First, we'll set up a time vector and generate the two sources (as column vectors): One will be a sinusoid and the other will be uniformly distributed noise. You can think of one as signal and the other as noise:

t = linspace(0,1,500)';
y1 = sin(6*pi*t);
y2 = rand(size(t));

It makes things simpler if our measured sources have zero mean and a standard deviation of 1:

y1 = (y1-mean(y1))/std(y1);
y2 = (y2-mean(y2))/std(y2);

Here's a graph of the two sources:

figure(1)
clf
subplot(2,1,1)
plot(t,[y1,y2]);

We've actually already violated one of the two assumptions - the correlation between these two vectors won't be exactly zero (it has an expected value of zero, but each example will be off by some random amount). If you squint, you might see this in a scatter plot comparing y1 to y2:

subplot(2,1,2)
plot(y1,y2,'.');

axis equal
axis tight

Here's the correlation:

disp(correlation(y1,y2));
    0.0212

This slight correlation means that we won't get our exact sources back.
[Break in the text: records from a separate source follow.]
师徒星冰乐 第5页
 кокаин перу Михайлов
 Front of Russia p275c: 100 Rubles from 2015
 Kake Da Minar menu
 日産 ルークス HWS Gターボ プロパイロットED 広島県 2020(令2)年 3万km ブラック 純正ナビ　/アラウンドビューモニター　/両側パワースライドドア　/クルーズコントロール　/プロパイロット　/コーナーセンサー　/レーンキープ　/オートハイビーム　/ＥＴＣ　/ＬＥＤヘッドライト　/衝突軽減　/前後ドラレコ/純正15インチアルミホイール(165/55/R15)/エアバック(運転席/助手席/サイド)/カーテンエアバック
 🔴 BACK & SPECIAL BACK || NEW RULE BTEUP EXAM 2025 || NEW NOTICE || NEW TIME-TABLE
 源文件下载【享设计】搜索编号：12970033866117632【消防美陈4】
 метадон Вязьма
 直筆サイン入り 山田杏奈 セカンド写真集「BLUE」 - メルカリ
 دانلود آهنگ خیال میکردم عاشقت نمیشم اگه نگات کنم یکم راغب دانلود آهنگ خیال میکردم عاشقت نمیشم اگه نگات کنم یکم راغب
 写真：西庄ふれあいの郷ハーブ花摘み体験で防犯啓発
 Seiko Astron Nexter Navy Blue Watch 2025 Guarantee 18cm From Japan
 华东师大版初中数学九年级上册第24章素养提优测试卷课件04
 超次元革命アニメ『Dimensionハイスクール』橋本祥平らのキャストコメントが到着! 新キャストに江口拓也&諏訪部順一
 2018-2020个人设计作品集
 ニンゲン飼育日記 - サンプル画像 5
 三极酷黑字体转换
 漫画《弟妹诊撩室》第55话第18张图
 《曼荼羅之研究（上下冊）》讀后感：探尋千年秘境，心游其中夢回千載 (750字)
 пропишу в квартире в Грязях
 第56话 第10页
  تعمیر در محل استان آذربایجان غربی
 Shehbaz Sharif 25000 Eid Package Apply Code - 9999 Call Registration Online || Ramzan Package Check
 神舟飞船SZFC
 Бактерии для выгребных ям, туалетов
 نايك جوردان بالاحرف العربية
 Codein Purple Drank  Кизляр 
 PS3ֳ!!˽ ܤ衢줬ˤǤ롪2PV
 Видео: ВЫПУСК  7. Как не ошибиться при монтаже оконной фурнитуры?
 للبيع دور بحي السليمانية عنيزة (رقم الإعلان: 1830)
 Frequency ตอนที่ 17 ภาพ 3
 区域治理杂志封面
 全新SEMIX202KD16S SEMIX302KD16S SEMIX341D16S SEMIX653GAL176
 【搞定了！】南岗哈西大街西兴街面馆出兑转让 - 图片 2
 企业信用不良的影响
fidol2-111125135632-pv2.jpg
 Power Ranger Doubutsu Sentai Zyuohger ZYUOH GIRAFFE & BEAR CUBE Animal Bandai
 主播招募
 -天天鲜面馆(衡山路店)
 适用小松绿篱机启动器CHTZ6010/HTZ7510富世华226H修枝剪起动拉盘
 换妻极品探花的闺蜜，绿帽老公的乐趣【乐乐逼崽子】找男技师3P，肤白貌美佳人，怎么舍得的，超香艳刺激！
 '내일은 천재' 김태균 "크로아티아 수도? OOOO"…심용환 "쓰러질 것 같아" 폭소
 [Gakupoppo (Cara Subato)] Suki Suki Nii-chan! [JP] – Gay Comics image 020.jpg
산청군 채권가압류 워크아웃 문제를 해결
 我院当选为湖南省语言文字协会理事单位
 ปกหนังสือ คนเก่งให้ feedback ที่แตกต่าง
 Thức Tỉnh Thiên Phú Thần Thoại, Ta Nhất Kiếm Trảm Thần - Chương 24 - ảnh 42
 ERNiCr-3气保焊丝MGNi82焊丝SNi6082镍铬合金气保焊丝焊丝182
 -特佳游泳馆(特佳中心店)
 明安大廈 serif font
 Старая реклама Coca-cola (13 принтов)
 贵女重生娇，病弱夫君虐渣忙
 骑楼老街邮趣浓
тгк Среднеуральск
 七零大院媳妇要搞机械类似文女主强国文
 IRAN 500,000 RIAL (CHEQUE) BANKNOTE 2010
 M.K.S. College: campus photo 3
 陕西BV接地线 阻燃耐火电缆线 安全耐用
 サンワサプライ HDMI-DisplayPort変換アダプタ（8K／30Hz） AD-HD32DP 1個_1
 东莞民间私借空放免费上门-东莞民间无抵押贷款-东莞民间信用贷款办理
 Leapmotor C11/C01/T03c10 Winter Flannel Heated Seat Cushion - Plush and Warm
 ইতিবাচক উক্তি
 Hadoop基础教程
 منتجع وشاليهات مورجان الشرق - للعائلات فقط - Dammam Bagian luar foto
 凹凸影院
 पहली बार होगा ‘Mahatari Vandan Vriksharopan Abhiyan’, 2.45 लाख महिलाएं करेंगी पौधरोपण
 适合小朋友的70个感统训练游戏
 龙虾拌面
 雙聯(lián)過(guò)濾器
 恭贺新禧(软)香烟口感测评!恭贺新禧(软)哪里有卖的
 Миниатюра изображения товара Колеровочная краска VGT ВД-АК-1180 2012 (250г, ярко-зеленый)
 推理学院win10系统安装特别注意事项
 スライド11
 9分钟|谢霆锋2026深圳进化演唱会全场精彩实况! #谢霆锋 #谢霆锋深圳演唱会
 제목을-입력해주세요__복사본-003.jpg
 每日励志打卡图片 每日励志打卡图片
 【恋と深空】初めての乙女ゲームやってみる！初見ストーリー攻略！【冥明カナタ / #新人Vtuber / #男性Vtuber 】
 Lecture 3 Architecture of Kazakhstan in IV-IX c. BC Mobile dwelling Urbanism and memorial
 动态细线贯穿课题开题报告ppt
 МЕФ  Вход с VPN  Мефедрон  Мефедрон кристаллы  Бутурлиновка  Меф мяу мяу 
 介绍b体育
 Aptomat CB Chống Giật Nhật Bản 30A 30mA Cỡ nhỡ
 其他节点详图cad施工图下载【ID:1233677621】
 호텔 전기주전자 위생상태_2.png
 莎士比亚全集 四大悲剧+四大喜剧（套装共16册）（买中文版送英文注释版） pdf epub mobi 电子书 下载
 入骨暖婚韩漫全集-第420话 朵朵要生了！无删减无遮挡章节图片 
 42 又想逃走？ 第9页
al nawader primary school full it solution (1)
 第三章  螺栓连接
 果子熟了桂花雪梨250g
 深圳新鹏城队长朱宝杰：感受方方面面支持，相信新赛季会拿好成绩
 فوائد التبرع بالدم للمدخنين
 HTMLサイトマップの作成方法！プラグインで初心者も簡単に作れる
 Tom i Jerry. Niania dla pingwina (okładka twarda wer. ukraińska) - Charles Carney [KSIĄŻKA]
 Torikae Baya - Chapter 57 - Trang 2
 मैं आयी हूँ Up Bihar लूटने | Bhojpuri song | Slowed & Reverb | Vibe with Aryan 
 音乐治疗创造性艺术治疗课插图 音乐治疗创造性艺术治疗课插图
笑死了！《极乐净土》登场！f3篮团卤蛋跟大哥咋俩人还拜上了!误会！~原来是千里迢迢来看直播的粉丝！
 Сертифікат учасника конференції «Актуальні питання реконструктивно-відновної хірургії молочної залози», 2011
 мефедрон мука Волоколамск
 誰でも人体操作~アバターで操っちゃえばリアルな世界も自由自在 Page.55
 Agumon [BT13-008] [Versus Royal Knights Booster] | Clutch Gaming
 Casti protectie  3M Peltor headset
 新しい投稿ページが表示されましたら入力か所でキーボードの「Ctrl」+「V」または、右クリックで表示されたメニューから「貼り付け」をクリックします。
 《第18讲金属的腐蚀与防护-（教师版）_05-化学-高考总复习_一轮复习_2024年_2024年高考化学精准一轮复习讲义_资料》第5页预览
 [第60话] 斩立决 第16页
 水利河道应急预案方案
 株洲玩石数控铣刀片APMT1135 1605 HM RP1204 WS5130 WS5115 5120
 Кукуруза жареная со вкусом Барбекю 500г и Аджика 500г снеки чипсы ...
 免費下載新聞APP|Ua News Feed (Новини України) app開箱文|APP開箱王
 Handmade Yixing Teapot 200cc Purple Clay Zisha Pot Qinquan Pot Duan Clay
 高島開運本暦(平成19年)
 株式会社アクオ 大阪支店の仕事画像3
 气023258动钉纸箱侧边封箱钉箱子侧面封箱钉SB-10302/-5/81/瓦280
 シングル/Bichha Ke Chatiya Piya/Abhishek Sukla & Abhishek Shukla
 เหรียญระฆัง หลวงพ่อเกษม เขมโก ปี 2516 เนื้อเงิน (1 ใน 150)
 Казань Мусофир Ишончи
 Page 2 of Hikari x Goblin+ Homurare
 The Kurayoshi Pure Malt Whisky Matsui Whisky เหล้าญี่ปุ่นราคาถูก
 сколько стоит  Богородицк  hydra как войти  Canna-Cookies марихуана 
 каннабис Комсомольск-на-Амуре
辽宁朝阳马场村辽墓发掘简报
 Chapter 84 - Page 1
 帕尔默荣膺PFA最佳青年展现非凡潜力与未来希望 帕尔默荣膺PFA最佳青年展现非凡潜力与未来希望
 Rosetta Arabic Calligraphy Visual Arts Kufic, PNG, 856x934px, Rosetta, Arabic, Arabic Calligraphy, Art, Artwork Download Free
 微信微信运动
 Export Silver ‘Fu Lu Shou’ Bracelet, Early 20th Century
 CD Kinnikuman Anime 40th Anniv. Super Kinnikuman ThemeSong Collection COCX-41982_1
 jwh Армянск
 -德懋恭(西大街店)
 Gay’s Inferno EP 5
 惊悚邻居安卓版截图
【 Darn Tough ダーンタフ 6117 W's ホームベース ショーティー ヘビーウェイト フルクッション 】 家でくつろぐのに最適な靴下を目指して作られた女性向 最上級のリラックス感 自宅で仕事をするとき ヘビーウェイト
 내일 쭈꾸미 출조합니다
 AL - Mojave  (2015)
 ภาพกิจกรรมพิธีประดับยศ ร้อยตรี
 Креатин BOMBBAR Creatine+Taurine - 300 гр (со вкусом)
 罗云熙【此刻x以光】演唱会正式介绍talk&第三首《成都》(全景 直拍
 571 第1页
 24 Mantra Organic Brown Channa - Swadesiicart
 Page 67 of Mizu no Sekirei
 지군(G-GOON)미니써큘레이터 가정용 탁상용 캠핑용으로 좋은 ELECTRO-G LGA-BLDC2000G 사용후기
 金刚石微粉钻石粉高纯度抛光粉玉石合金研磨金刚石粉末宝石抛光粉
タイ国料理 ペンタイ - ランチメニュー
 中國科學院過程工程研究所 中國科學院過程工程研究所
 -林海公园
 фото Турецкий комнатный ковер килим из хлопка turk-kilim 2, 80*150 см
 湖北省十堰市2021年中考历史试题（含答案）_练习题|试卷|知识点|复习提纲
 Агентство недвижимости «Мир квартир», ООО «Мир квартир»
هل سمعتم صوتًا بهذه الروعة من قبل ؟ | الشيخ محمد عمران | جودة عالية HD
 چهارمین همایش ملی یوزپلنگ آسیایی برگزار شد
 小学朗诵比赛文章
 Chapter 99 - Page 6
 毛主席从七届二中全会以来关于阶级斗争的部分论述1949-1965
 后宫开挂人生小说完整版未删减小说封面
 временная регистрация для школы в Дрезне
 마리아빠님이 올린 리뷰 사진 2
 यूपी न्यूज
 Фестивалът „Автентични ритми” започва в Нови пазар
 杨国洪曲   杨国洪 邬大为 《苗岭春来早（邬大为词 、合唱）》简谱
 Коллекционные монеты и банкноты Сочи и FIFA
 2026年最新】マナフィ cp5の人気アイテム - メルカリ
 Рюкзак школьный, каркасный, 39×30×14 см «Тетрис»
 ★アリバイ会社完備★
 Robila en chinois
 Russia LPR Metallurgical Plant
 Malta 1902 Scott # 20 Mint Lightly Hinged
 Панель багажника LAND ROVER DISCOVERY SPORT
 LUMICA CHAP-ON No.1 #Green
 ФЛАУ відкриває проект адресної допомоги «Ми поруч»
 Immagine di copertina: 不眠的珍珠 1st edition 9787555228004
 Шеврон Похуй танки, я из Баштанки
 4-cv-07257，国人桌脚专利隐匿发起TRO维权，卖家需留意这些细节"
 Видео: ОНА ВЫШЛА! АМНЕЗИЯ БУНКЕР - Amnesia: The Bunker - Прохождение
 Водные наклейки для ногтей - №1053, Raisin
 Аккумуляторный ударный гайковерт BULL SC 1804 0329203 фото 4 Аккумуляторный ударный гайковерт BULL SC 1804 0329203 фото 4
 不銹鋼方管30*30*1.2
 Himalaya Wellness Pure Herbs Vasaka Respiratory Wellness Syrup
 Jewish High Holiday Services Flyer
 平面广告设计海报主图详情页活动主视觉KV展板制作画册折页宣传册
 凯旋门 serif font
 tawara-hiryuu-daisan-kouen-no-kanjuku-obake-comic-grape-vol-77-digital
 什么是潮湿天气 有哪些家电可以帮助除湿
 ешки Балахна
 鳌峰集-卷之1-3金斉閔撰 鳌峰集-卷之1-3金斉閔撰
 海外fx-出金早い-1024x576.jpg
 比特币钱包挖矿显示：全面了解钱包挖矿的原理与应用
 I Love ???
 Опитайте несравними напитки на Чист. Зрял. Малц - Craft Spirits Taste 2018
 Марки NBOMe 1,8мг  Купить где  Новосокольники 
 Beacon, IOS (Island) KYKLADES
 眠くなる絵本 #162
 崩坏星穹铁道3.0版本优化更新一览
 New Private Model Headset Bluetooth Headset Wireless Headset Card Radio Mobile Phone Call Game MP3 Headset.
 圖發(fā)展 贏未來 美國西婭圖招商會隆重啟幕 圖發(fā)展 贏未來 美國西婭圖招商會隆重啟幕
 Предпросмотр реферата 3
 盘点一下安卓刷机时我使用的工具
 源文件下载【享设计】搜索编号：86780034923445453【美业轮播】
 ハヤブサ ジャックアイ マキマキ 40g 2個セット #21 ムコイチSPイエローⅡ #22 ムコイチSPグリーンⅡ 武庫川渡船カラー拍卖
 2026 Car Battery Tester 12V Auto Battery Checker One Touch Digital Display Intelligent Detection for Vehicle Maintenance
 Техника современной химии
But we'll be close.

Combining the two sources

Suppose the first of our two measured time-courses is made up of 80% of y1 and 50% of y2 (they don't have to add up to 100%). And suppose the second recording is 10% y1 and 40% y2. We can use matrix multiplication using the 'weight matrix':

A = [.8,.5 ; .1,.4]
A =

    0.8000    0.5000
    0.1000    0.4000

and let:

X = [y1,y2]*A;

If you remember how matrix multiplication works, then you'll see that each column of X is a linear combination of y1 and y2 with the weights specified by A. The two columns of X will be our 'mixed' time-series. We can plot these time-series and the corresponding scatter plot in figure 2, like we did in figure 1:

figure(2)
clf
subplot(2,1,1)
plot(X)
subplot(2,1,2)
plot(X(:,1),X(:,2),'.')
axis equal
axis tight

The two measured time-courses each look like sinusoids with noise added, which is exactly what they are. Each microphone is picking up some signal and some noise. They're strongly correlated with each other, as can be seen in the scatter plot. Let's look at their correlations:

disp(correlation(X(:,1),X(:,2)))
    0.8565

Decorrelating or 'whitening' the signals

ICA unmixes the linear combinations by taking advantage of the three assumptions above, step by step. The first assumption, that our measurements are linear combinations of the sources, means that it should be possible to 'undo' the linear combination with another linear combination. Actually since we made up our own data, we can easily undo things by multiplying X by the inverse of our mixing matrix A:

Y = X*inv(A);

Of course, in the real world we don't know how these two sources were combined, so we have to find this 'unmixing' matrix ourselves.

The first step is to take advantage of assumption 2, which is that the sources are uncorrelated.

We need to find a new 2x2 matrix, W, so that when multiplied by X will give us two uncorrelated vectors. Even more, we want the variance of each vector to be equal to one.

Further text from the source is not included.